What the task requires >>
Please return, with no alterations, the lines below from the very first through the one that contains "Salon Top IPL".
===== Recorded data
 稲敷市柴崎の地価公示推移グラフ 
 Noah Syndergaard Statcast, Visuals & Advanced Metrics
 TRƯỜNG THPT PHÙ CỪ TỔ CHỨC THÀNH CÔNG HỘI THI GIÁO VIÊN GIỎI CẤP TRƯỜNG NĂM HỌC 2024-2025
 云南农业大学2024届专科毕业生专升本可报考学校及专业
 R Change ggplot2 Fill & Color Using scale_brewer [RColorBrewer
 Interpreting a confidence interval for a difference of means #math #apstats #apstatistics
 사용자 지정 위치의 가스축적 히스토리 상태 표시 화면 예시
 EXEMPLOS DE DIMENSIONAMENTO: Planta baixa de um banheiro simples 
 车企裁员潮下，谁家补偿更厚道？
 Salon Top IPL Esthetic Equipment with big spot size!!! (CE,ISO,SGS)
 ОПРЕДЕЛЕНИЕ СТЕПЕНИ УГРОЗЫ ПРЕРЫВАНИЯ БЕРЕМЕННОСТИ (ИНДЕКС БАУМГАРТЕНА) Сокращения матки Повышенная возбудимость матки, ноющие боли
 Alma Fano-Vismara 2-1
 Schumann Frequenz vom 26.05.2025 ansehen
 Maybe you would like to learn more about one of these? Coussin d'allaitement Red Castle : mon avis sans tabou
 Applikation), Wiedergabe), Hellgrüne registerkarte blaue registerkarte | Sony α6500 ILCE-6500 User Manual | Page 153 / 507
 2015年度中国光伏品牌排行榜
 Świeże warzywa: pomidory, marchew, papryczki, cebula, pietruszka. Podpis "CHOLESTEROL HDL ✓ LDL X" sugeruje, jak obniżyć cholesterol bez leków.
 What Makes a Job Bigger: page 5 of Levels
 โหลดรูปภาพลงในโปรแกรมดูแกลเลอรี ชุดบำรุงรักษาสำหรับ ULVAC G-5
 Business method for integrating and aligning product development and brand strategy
==========
Problem solution >>
 稲敷市柴崎の地価公示推移グラフ 
 Noah Syndergaard Statcast, Visuals & Advanced Metrics
 TRƯỜNG THPT PHÙ CỪ TỔ CHỨC THÀNH CÔNG HỘI THI GIÁO VIÊN GIỎI CẤP TRƯỜNG NĂM HỌC 2024-2025
 云南农业大学2024届专科毕业生专升本可报考学校及专业
 R Change ggplot2 Fill & Color Using scale_brewer [RColorBrewer
 Interpreting a confidence interval for a difference of means #math #apstats #apstatistics
 사용자 지정 위치의 가스축적 히스토리 상태 표시 화면 예시
 EXEMPLOS DE DIMENSIONAMENTO: Planta baixa de um banheiro simples 
 车企裁员潮下，谁家补偿更厚道？
 Salon Top IPL Esthetic Equipment with big spot size!!! (CE,ISO,SGS)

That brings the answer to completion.